One of Robert Silverberg’s most famous 70s novels…
Barry N. Malzberg’s first published novel (more speculative fiction than SF)…
Lloyd Biggle, Jr.’s best known novel…
And Roger Zelazny’s first published collection of SF shorts…
And some great covers!
1. The Book of Skulls, Robert Silverberg (1971)
(Dean Ellis’ cover for the 1971 edition)
From the back cover of a later edition: “Somewhere in the Southwestern desert, in a place called The House of Skulls, an ancient brotherhood guards a mystic rite. It is written that he who comes there with a pure heart will receive the gift of eternal life. Four college students, only half believing, each bearing a dark secret, join together to make the pilgrimage. Eli, the intellectual. Ned, the poet. Oliver, the Midwestern athlete. Timothy, the pampered rich kid. But immortality has a terrible price. Two of them will live forever only if the remaining two die—one must give his life willingly… the other must be sacrificed.”
2. Monument, Lloyd Biggle, Jr. (1974)
(Gary Friedman’s cover for the 1974 edition)

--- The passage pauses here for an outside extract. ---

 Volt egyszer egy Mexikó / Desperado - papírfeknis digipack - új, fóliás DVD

From the back cover of a later edition: “LOST EDEN. It was a world of dazzling beauty, where pleasure was man’s most precious birthright. In this lost colony the inhabitants had forgotten the very existence of Earth. Only one man remembered. He foresaw the awesome consequences if this paradise were ever rediscovered. MONUMENT.”
3. Four for Tomorrow, Roger Zelazny (1967)

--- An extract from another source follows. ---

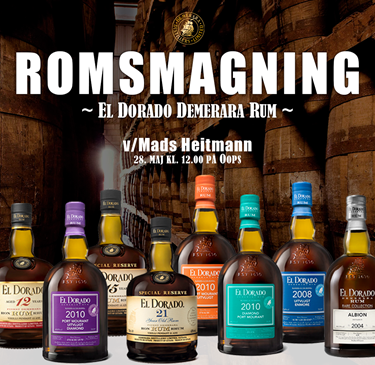 ROMSMAGNING MED EL DORADO RUM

(Jack Gaughan’s cover for the 1967 edition)
From the inside flap of a later edition: “THE STRANGEST MANHUNT IN INTERSTELLAR HISTORY: when the three mutated men known as The Furies searched across the galaxy for Victor Corgo, captain of the Wallaby, ex-hero of Interstel, now traitor to mankind.
THE PART THAT LASTED FOREVER: where the ultra-rich members of “The Set” reveled for a night, then slept for years, then partied again, and slept again… and all the while they traveled into a more and more alien future in which they were increasingly lost.
THE LEVIATHAN OF VENUS: which had destroyed every Earth expedition sent to capture it… but still one man had to risk his life in a final desperate attempt.
THE LAST OF THE ANCIENT MARTIANS: who was an awesomely lovely girl with a mission she could not fulfill… and a secret for the future…
Here are four great stories of wonder and adventure, beauty and danger in the stars, by today’s most exciting writer of science fiction.”
4. Screen, Barry N. Malzberg (1968) (MY REVIEW)
(Uncredited cover for the 1970 edition)
From the inside flap: “…Malzberg’s hero possesses the interesting ability to pass through the motion picture screen and enter, sexually and explicitly, the lives of the various actresses depicted thereupon. Including Sophia, Brigitte, Sabrina, Liz and Doris…” (San Francisco Chronicle & Examiner)
This is indeed an apt definition of Malzberg’s theme as treated in Screen, but it only gives a faint idea of the rare beauties contained in the singular novel. So singular that the publisher decided to gamble his reputation on Barry Malzberg’s name, and to bring out the young author’s first two novels at the same time.”